##### SUPPLIED MATERIAL

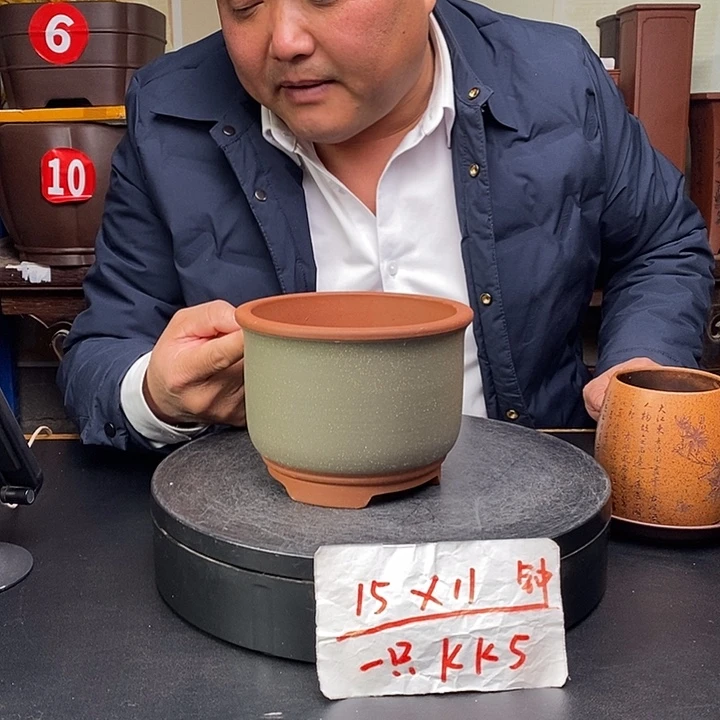 紫砂花盆货号一只KK5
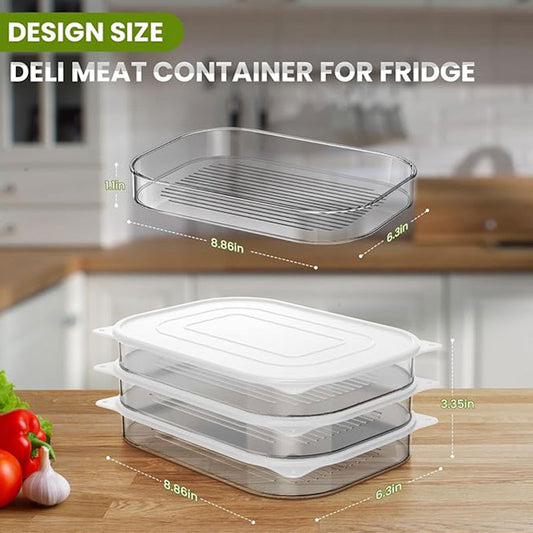 Deli Meat & Bacon Container for Fridge | Stackable Airtight Cold Cut Storage Boxes | BPA-Free Refrigerator Organizers with Lids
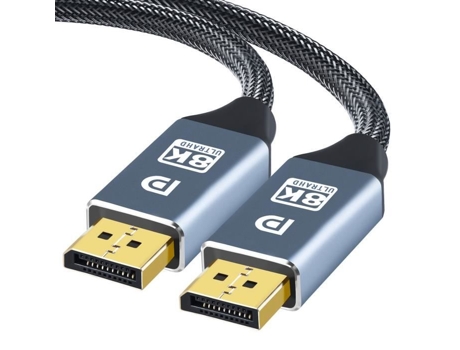 Cabo Displayport 1.4 3m Dp1.4 8k 60hz 4k 144hz 165hz Hdr Algodão Trançado Para Monitor De Jogo, Placa De Vídeo, Pc, Laptop, Tv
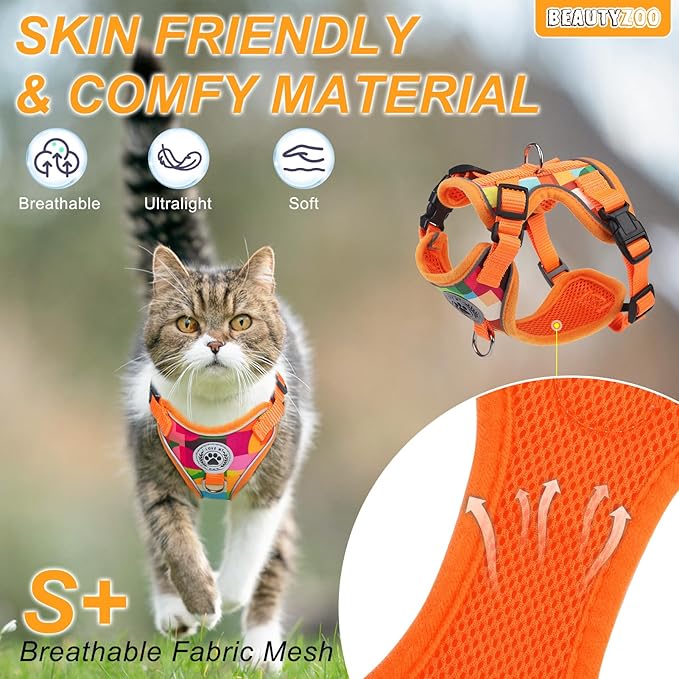 BEAUTYZOO Cat Harness and Leash for Walking, Escape Proof Soft Adjustable Vest Harnesses for Medium Large Cats, Easy Control Breathable Reflective Strips Jacket, Orange, M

##########

» GOAL OF THE EXERCISE
None of the pictures should be reproduced; all other material above must be set down exactly.

» ANSWER
 紫砂花盆货号一只KK5
 Deli Meat & Bacon Container for Fridge | Stackable Airtight Cold Cut Storage Boxes | BPA-Free Refrigerator Organizers with Lids
 Cabo Displayport 1.4 3m Dp1.4 8k 60hz 4k 144hz 165hz Hdr Algodão Trançado Para Monitor De Jogo, Placa De Vídeo, Pc, Laptop, Tv
 BEAUTYZOO Cat Harness and Leash for Walking, Escape Proof Soft Adjustable Vest Harnesses for Medium Large Cats, Easy Control Breathable Reflective Strips Jacket, Orange, M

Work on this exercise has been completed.